Sometimes, a person we barely know influences us in ways unimaginable. Whether through counsel, encouragement, praise, or even chiding.
Recently, John Szymczak passed. Nearly twenty years ago, I was at a crossroads in my career. Deciding whether to continue working in senior corporate human resources management or start an organization development firm, I sought the counsel of Mr. Szymczak.
John was well known in Western New York and beyond as a career transition specialist. He had helped thousands of men and women of all ages and backgrounds search for employment and/or find their niche. He was an executive coach before the profession became in vogue.

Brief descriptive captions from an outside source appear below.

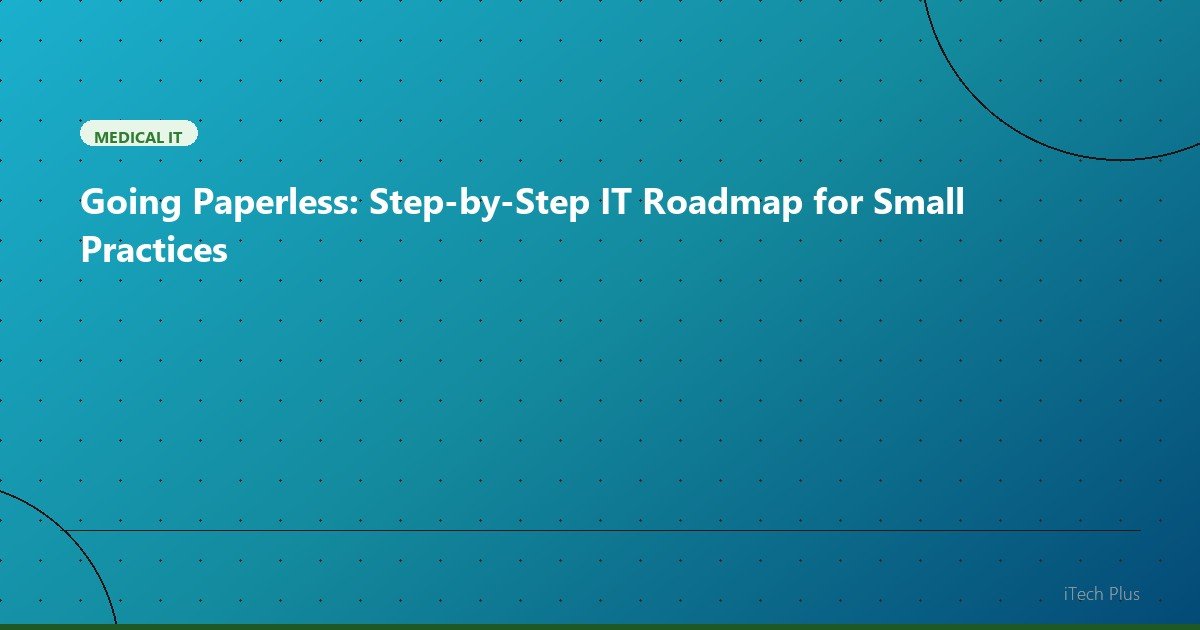 Going Paperless: Step-by-Step IT Roadmap for Small Practices - Medical IT | iTech Plus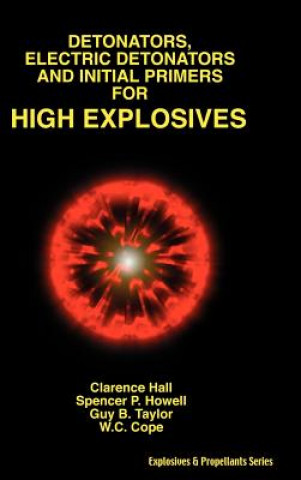 Kniha Detonators, Electric Detonators & Initial Primers for High Explosives Clarence Hall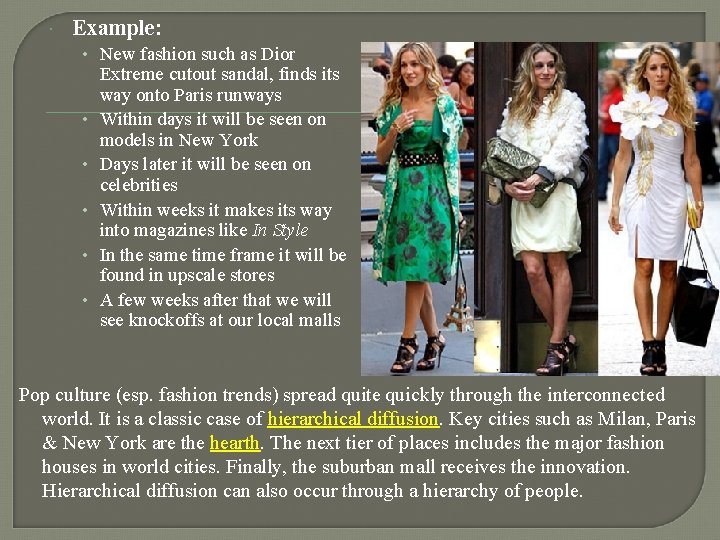 Example: • New fashion such as Dior • • • Extreme cutout sandal,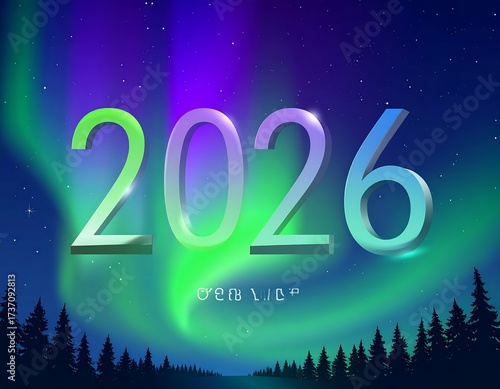Realistic glowing aurora borealis in night sky with “2026” numbers floating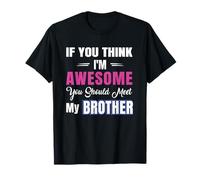 Si Crees Que Soy increíble, deberías Conocer a mi Hermano Camiseta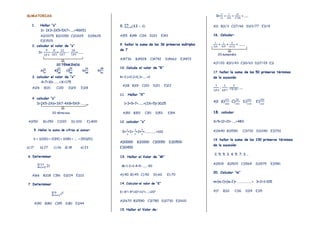 SUMATORIAS
1. Hallar “s”
S= 1X3+3X5+5X7+…….+49X51
A)22075 B)22050 C)21025 D)15625
E)21525
2. calcular el valor de “s”
S=
4
1𝑋3
-
8
3𝑋5
+
12
5𝑋7
-−
16
7𝑋9
+…….
20 TÉRMINOS
A)
𝟏𝟗
𝟐𝟎
B)
𝟐𝟏
𝟐𝟎
C)
𝟑𝟗
𝟒𝟎
D)
𝟒𝟏
𝟒𝟎
E)
𝟒𝟎
𝟒𝟏
3. calcular el valor de “x”
4+7+10+………+X=175
A)26 B)31 C)30 D)29 E)28
4. calcular “s”
S=1X5-2X6+3X7-4X8+5X9-………..
20 términos
A)250 B)-250 C)320 D)-320 E)-800
5 .Hallar la suma de cifras al sumar:
S = 1(100) + 2(99) + 3(98) + .... + (50)(51)
a) 17 b) 27 c) 26 d) 18 e) 23
6. Determinar
∑ 2𝑖11
𝑖=5
A)66 B)118 C)56 D)224 E)112
7. Determinar
∑ 𝑖6
𝑖=2
2
A)90 B)80 C)95 D)81 E)144
8. ∑ (𝟏𝟐 − 𝒊)𝟗
𝒊=𝟒
A)55 B)48 C)36 D)33 E)42
9. hallar la suma de los 36 primeros múltiplos
de 7
A)4736 B)4528 C)4792 D)4662 E)4972
10. Calcula el valor de “R”
R= 0,1+0,2+0,3+…….+2
A)18 B)19 C)20 D)21 E)22
11. Hallar “X”
1+3+5+7+……..+(2X+5)=3025
A)50 B)52 C)51 D)53 E)54
12. calcular “s”
S=
1
2
+1+
3
2
+2+
5
2
+…………..+100
A)10000 B)11000 C)10050 D)10500
E)10450
13. Hallar el Valor de “M"
M=1-2+3-4+5-……..-90
A)-90 B)-45 C)-50 D)-60 E)-70
14. Calcular el valor de “E”
E= 82
+ 92
+102
+112
+…..+202
A)2670 B)2590 C)2780 D)2730 E)2610
15. Hallar el Valor de:
R=
2
12
+
7
144
+
37
1728
+……..
A)1 B)1/3 C)17/66 D)13/77 E)1/9
16. Calcular:
1
2𝑥6
+
1
4𝑥9
+
6
6𝑥12
+ ……….
20 sumandos
A)7/20 B)21/43 C)10/63 D)17/29 E)1
17. hallar la suma de los 50 primeros términos
de la sucesión
1
1𝑋4
;
1
4𝑋7
;
1
7𝑋10;…..
A)1 B)
151
150
C)
50
151
D)
161
110
E)
150
123
18. calcular
S=5+12+21+…….+480
A)3640 B)3590 C)3710 D)3340 E)3701
19. hallar la suma de los 100 primeros términos
de la sucesión
2; 5; 5; 3; 4; 5; 7; 3;…
A)1519 B)1525 C)1569 D)1575 E)1581
20. Calcular “m”
m+(m-1)+(m-2)+………………..+ 3+2+1=105
A)7 B)12 C)16 D)14 E)15
 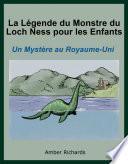 La Légende du Monstre du Loch Ness pour les Enfants : Un Mystère au Royaume-Uni.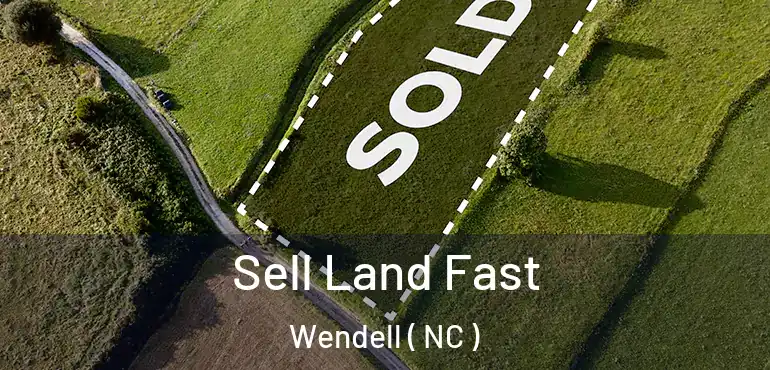  Sell Land Fast Wendell ( NC )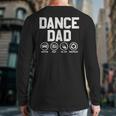 Dance Dad Proud Dancer Dancing Father Men Long Sleeve T-Shirt Back Print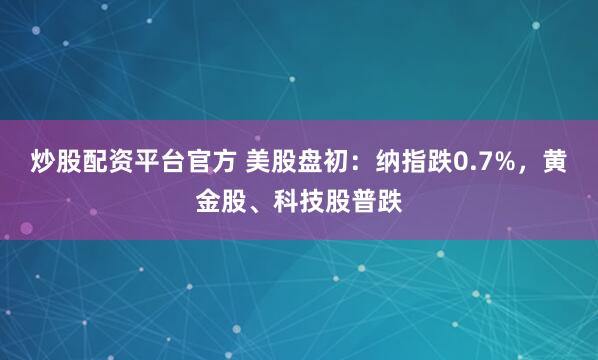 炒股配资平台官方 美股盘初：纳指跌0.7%，黄金股、科技股普跌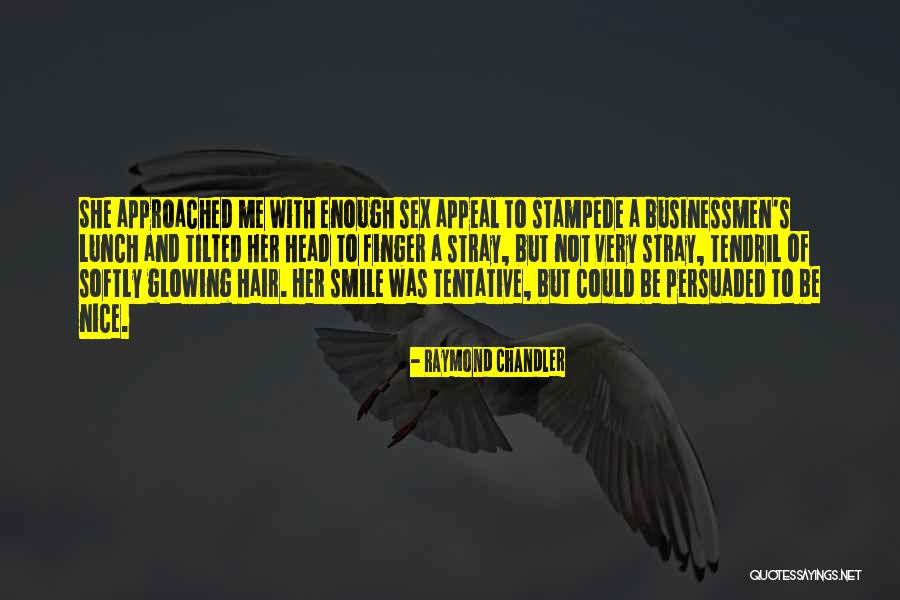 Very Nice Smile Quotes By Raymond Chandler Very Nice Smile Quotes By Raymond Chandler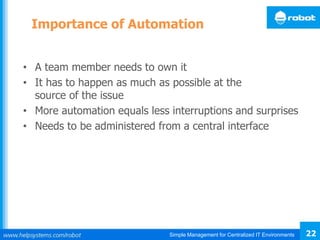 Simple Management for Centralized IT Environments 22
Importance of Automation
• A team member needs to own it
• It has to happen as much as possible at the
source of the issue
• More automation equals less interruptions and surprises
• Needs to be administered from a central interface
 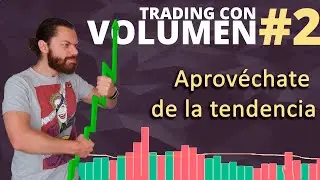 Como leer o interpretar la gráfica de volumen: TENDENCIAS 📈 | Guía de TRADING CON VOLUMEN #2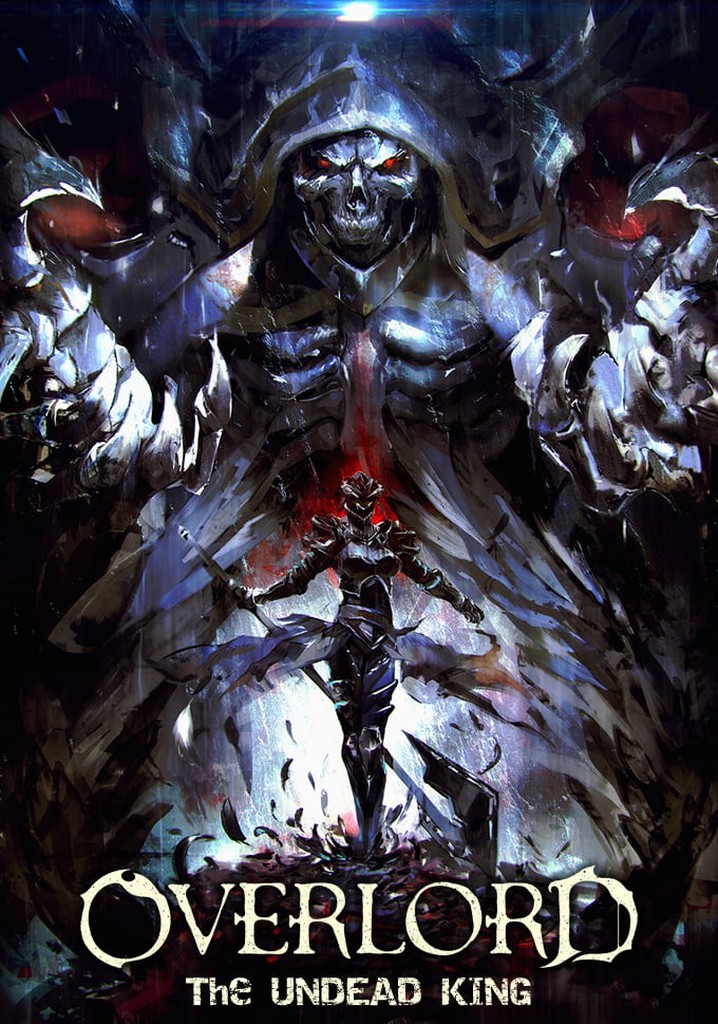 Overlord: The Undead King filme - Onde assistir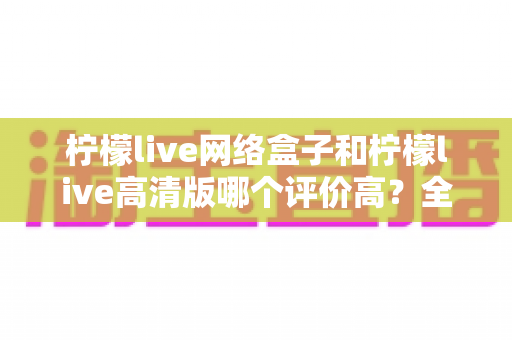 柠檬live网络盒子和柠檬live高清版哪个评价高？全面对比分析助你找到心仪之选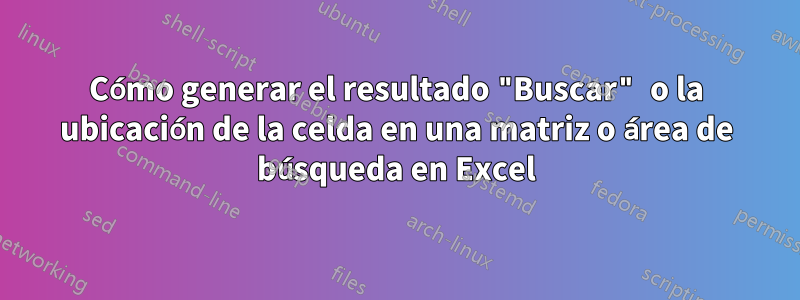 Cómo generar el resultado "Buscar" o la ubicación de la celda en una matriz o área de búsqueda en Excel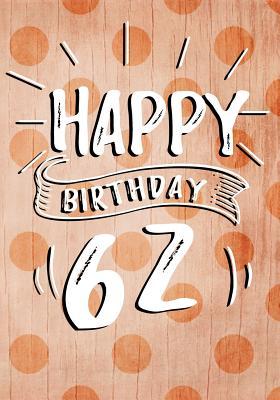 Read Happy Birthday 62: Birthday Books for Women, Birthday Journal Notebook for 62 Year Old for Journaling & Doodling, 7 X 10, (Birthday Keepsake Book) -  file in PDF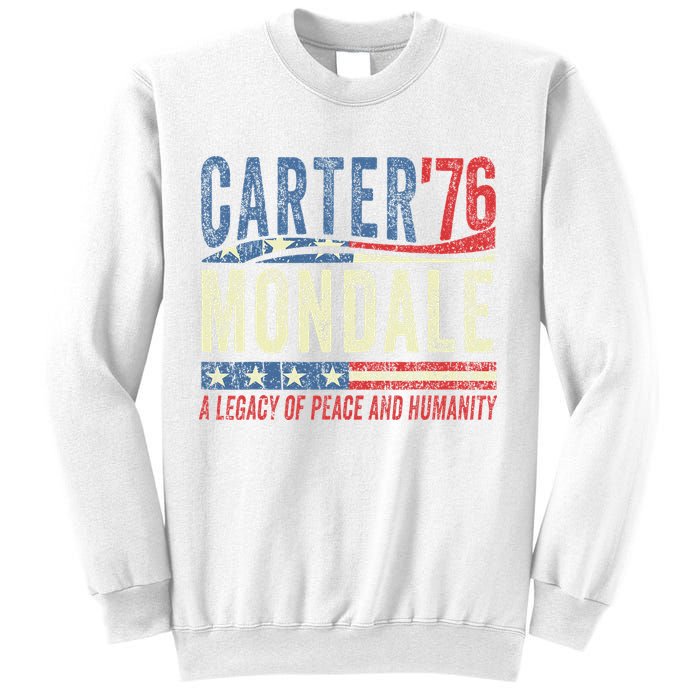 Jimmy Carter Mondale 76 A Legacy Of Peace & Humanity Sweatshirt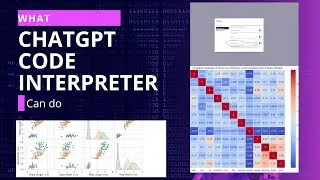 ChatGPT code interpreter review | What ChatGPT Code Interpreter can do: A Comprehensive Guide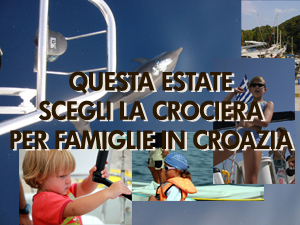 crociera per famiglie con bambini in croazia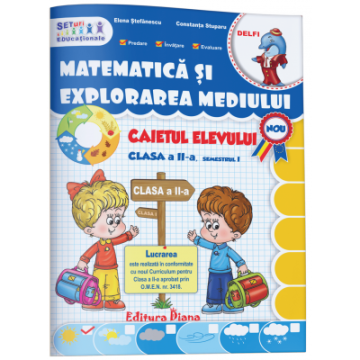 Matematica si explorarea mediului clasa a II a semestrul I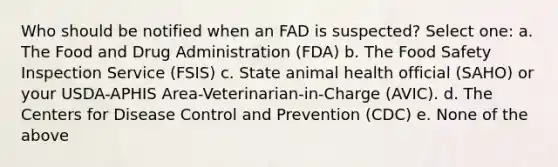 Who should be notified when an FAD is suspected? Select one: a. The Food and Drug Administration (FDA) b. The Food Safety Inspection Service (FSIS) c. State animal health official (SAHO) or your USDA-APHIS Area-Veterinarian-in-Charge (AVIC). d. The Centers for Disease Control and Prevention (CDC) e. None of the above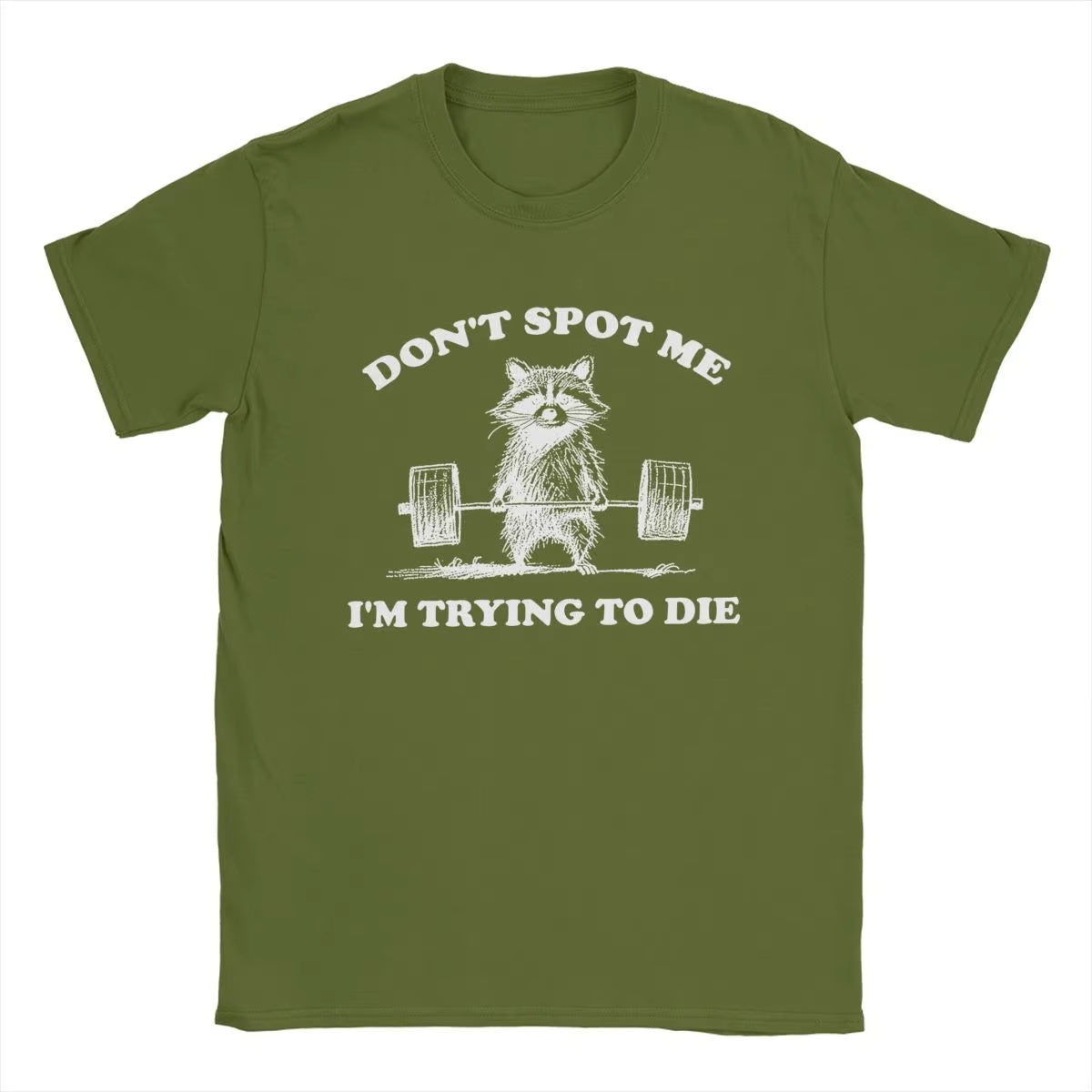 Don't Spot Me I'm Trying to Die! Funny Gym T-Shirt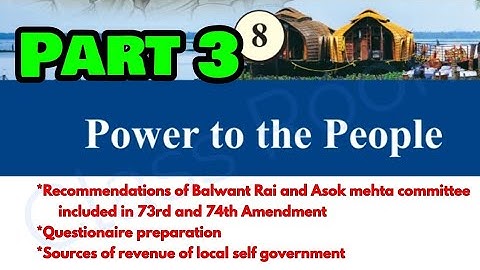 class 7 social chapter 8 part 3 Power to the people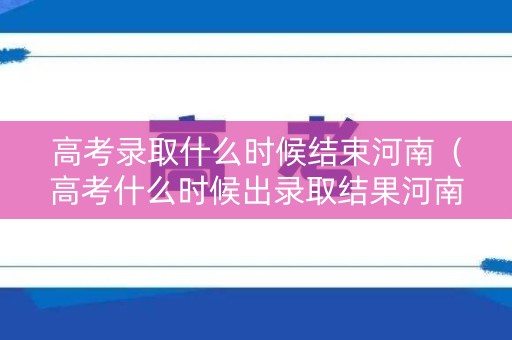 高考录取什么时候结束河南（高考什么时候出录取结果河南）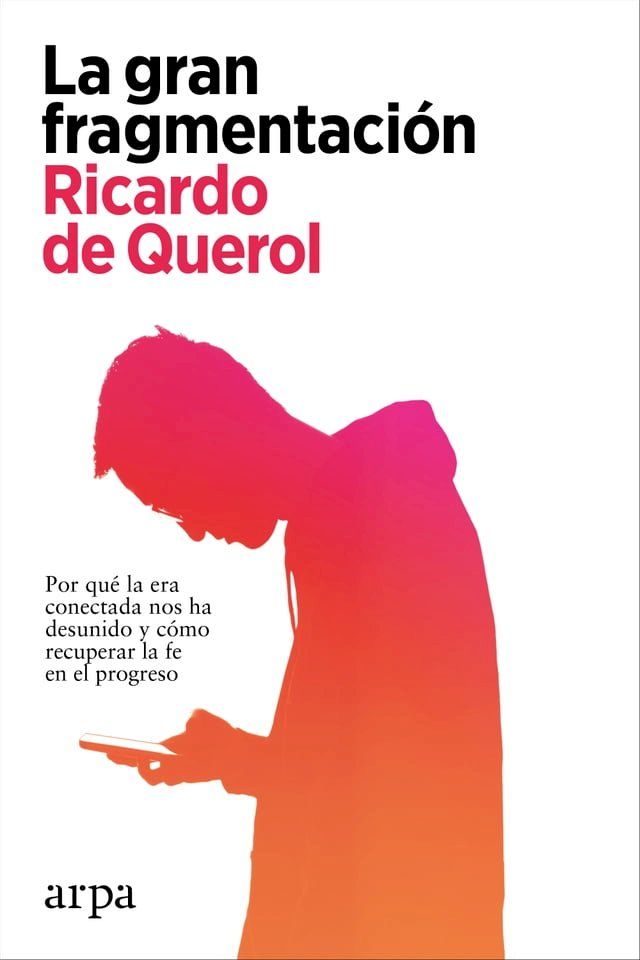  La gran fragmentación(Kobo/電子書)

When I voiced my interest in starting a business, John listened attentively. He deftly challenged my idea without killing my dream. Then, he offered a simple prescription, “If you are serious about this, share your business idea with 35 people. Do not try to sell them. Ask them what they think about your idea. And then, and only then, after you analyze and digest the information will you consider whether to start your business.”
John Szymczak had a knack for “cutting to the chase.” This was exceptionally valuable when dealing with results-oriented professionals and executives. I sure did not need the message and advice sugar-coated in anyway. John knew the risks associated with starting a business. He had the wisdom to not predict what level of success I would have in my business. Perhaps, he knew that a bit of uncertainty was the challenge I needed.
Twenty years later, I am glad I listened to John Szymczak, the career professional I barely knew. May his memory be eternal.